How does Google Dorking work?
It is an OSINT tool and is not a Google vulnerability or a method to hack a site. It acts as a regular data mining process with advanced features.
The algorithm of any search engine is configured to index absolutely all information. Even though the administrators of the web resources had no intention of publishing this material.
However, the most interesting thing about Google Dorking is the sheer amount of information that can help you learn about the Google search process. In the future, this knowledge can be used to search for distant relatives or to obtain information for their benefit.
What information can be found through Dorks?
You can really find a lot, from remote access controllers to configuration interfaces for critical systems. On the other hand, there is an assumption that no one will ever find a huge amount of information already posted on the network.

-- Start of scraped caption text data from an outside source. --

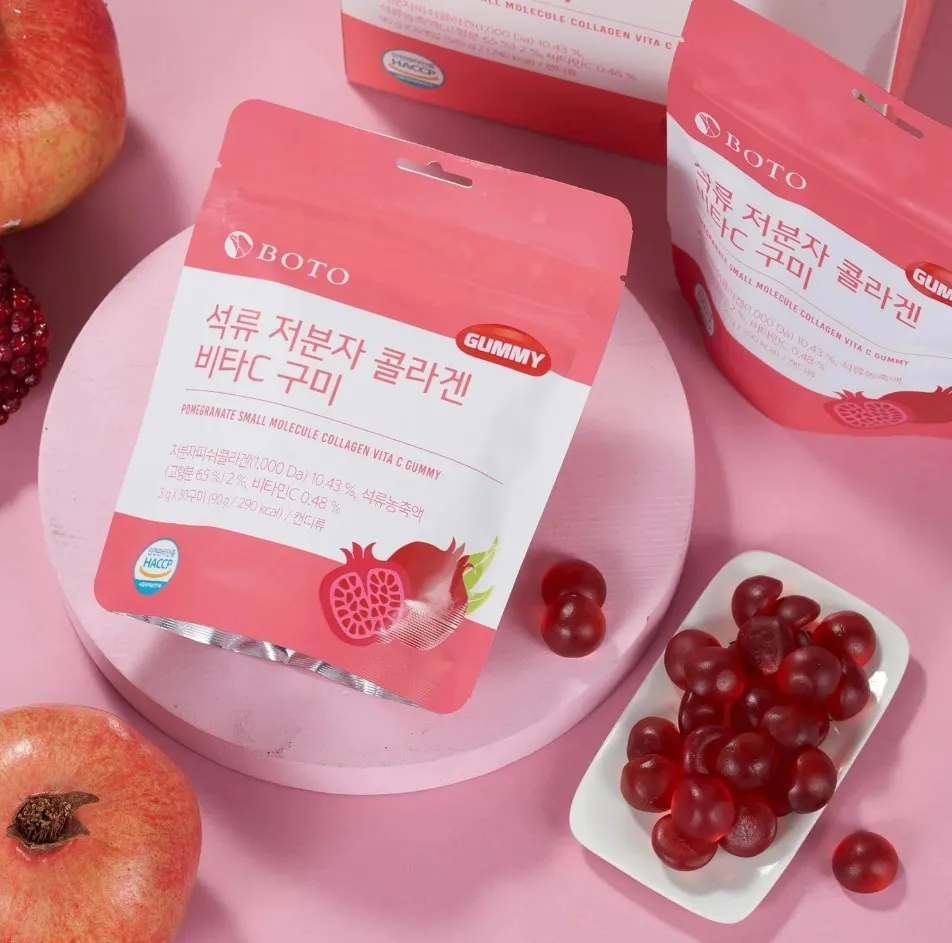 Kẹo dẻo collagen BOTO lựu đỏ Pomegranate Collagen Vita C Gummy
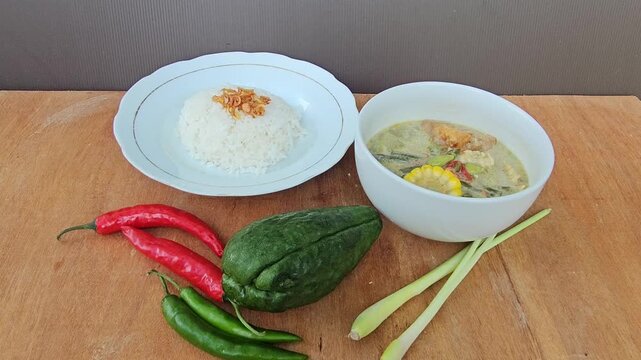 ingredients for soup,Sayur lodeh is Indonesian vegetable soup from Javanese cuisine,prepared from vegetables cooked in coconut milk
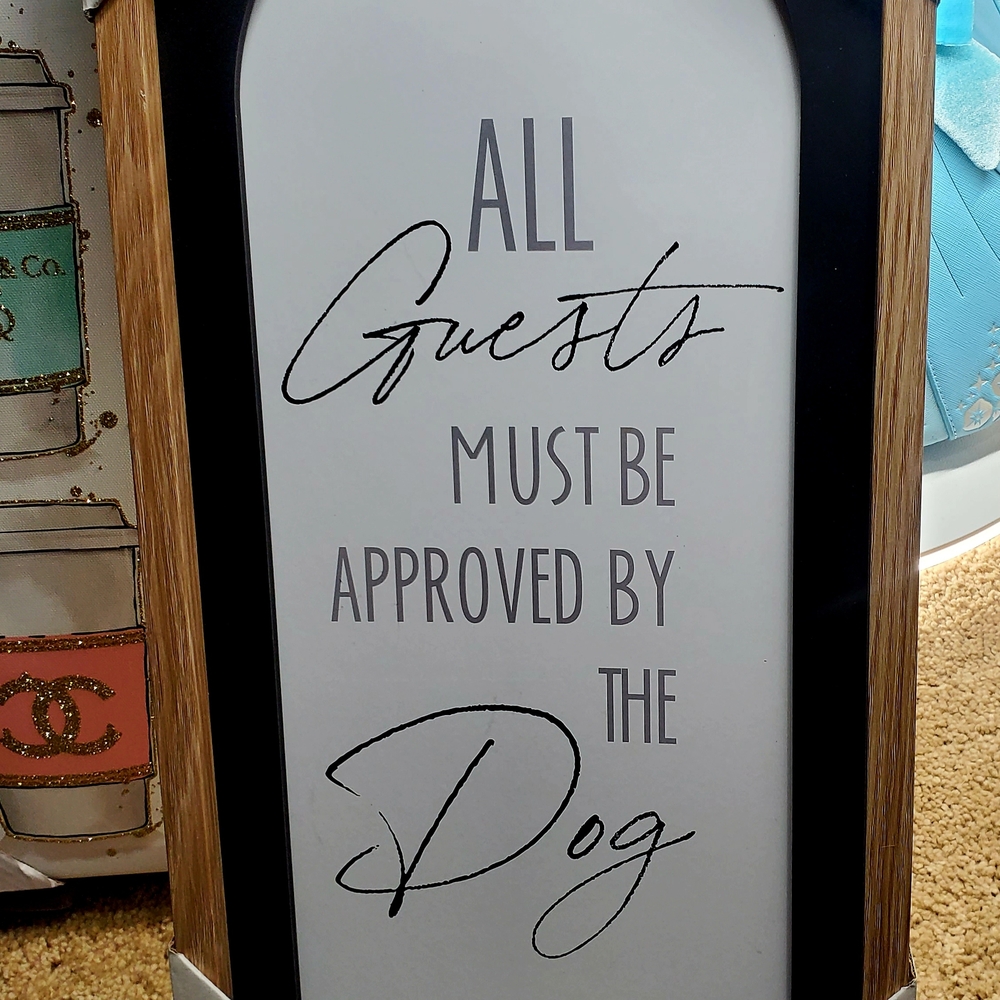 Black and White Dog Approval Sign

How does it happen that such important information gets into the public domain? Let’s take an example. You bought a security camera, installed an application for it, and allowed access to a server that will allow you to watch the image from it anywhere in the world. It sounds very convenient, but on the other hand, you do not know if this server has any protection. This server may not require a password to access the feed from your webcam. It makes this feed publicly available to anyone searching for the text on the camera view page.
Google is ruthlessly efficient at finding any device on the internet that runs on HTTP and HTTPS servers. Because the vast majority of these devices contain a platform to customize them, a lot of things that shouldn’t have been on Google end up there.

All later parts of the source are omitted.